Re: Perl PDL slower than python numpy (Updated2)

in reply to Perl PDL slower than python numpy

Edit2. Here's PDL vs. numpy simple performance test in earnest, I hope Python code really does what I intended, and so no more blunders.

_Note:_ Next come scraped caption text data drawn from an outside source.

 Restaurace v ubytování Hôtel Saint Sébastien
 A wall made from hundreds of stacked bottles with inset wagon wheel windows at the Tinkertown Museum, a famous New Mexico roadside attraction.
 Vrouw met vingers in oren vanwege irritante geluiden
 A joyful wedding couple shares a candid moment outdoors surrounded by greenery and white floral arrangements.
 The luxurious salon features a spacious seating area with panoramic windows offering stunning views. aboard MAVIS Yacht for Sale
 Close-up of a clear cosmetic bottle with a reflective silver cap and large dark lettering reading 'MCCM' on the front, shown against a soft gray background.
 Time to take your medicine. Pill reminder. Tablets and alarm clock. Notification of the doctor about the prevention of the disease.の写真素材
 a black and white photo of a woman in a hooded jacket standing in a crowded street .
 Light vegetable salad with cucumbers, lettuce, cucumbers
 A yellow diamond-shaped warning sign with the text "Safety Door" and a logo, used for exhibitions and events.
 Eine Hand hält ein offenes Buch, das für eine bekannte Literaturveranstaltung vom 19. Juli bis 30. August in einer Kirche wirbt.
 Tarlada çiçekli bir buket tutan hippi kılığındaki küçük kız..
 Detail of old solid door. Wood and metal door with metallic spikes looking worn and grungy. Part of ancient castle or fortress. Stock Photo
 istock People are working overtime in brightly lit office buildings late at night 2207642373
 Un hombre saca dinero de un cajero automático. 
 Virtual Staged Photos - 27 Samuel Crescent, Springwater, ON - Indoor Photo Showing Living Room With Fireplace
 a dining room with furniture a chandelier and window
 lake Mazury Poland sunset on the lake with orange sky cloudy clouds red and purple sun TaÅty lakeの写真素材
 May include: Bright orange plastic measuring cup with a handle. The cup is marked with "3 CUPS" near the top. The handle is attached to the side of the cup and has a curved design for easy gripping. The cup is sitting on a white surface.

I don't see any "numpy is better than PDL" as claimed, except PDL devs didn't bother to optimize "zeroes", as, it looks, it really fills every 8 bytes, cell by cell by cell... Too bad if initializing lots of arrays with zeroes is mission-critical. (That said, of course PDL isn't perfect.) Python3 and numpy are from 18.04LTS repositories.

import time
import numpy as np
d = (1000,500,500)
t = time.time(); x = np.zeros(( d )); print( time.time() - t )
t = time.time(); y = np.ones(( d ));  print( time.time() - t )
t = time.time(); z = x / y;           print( time.time() - t )

1.1920928955078125e-05
0.6920394897460938
1.205686330795288


use strict;
use warnings;
use feature 'say';
use Time::HiRes 'time';
use PDL;
$PDL::BIGPDL = $PDL::BIGPDL = 1;
my @d = (1000,500,500);
my $t;
$t = time; my $x = zeroes( @d ); say time - $t;
$t = time; my $y = ones( @d );   say time - $t;
$t = time; my $z = $x / $y;      say time - $t;

0.727283954620361
0.730240821838379
0.971168994903564
[download]

-------

Edit. I was wrong about 'float32' being default for numpy, sorry. My answer doesn't explain the observed speed comparison.

-------

As quick googling shows, default data type for numpy is 32-bit "single precision" "float". PDL default is 64-bit "double precision" "double". Hence illusory 2x speed difference. Your example is just trivial allocation/arithmetic in underlying C, after all. In PDL, you can specify data type in constructor, as e.g. typing "?zeroes" in interactive shell will explain (and as shown below).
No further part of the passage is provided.